The loss was due to write-downs, declines in newspaper advertising sales and legal expenses stemming from government investigations into the phone hacking scandal at News Corp.'s British newspapers.
News Corp. made the disclosure in regulatory filings Friday as the company prepares to cleave itself into two separate, publicly traded companies: the new News Corp., which will include newspapers and HarperCollins book publishing; and the Fox Group, which will boast the lucrative television network and movie studio properties.
The break-up of News Corp., announced in June, is being designed to unshackle the more profitable side of the company from the declines in publishing. The split is expected to be completed next summer and current investors will get shares in both companies.

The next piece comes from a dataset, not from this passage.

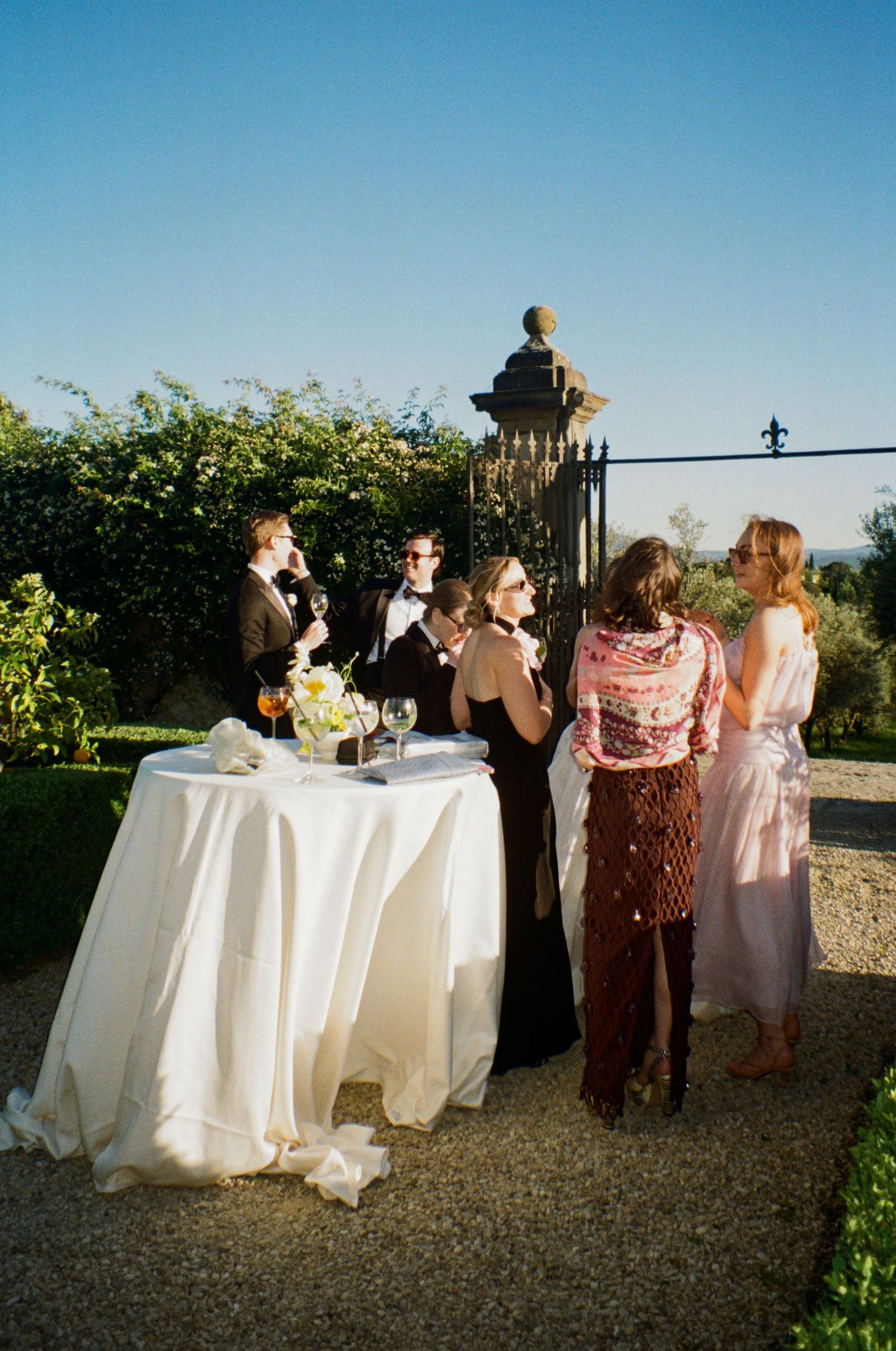 Wedding guests mingle at cocktail hour around draped table in sunlit Italian garden.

The filing provided investors with an outline of the financial health of News Corp.'s publishing business. If it had been a stand-alone company, the publishing unit would have generated $8.65 billion in revenue for fiscal 2012, down from $9.09 billion in fiscal 2011.
News Corp. had previously disclosed the impairment charges without shedding much light on which newspaper titles were particularly hard hit. The company said it recorded non-cash impairment charges of $2.6 billion during its fiscal fourth quarter, which ended June 30.
“These impairment charges were primarily the result of adverse trends affecting several businesses in New News Corp.'s News and Information Services segment, including secular declines in the economic environment in Australia,” Friday’s filing said.
News Corp. owns national, regional and dozens of community newspapers in Murdoch’s native Australia. “Australia in particular has experienced weakness in newspaper advertising reflecting a combination of a softening economy and declines in paid circulation.”
The filing also said that Robert Thomson, 51, who just stepped down as editor in chief of the Wall Street Journal, would make a base salary of $2 million in his new position as chief executive of the new publishing company. The Australian native also will be entitled to an annual bonus, with the target amount of $2 million.
Murdoch, 81, will serve as executive chairman of the new company, and will also be entitled to a salary. That compensation hasn’t been decided, according to the report. Murdoch will also serve as chairman and chief executive of Fox Group.
“We expect that his overall compensation for both roles will increase modestly compared to his current total compensation,” the filing said.
Murdoch collected $30 million during Fox’s past fiscal year, a 10% cut from the previous year. His compensation was clipped because of the phone hacking scandal in Britain.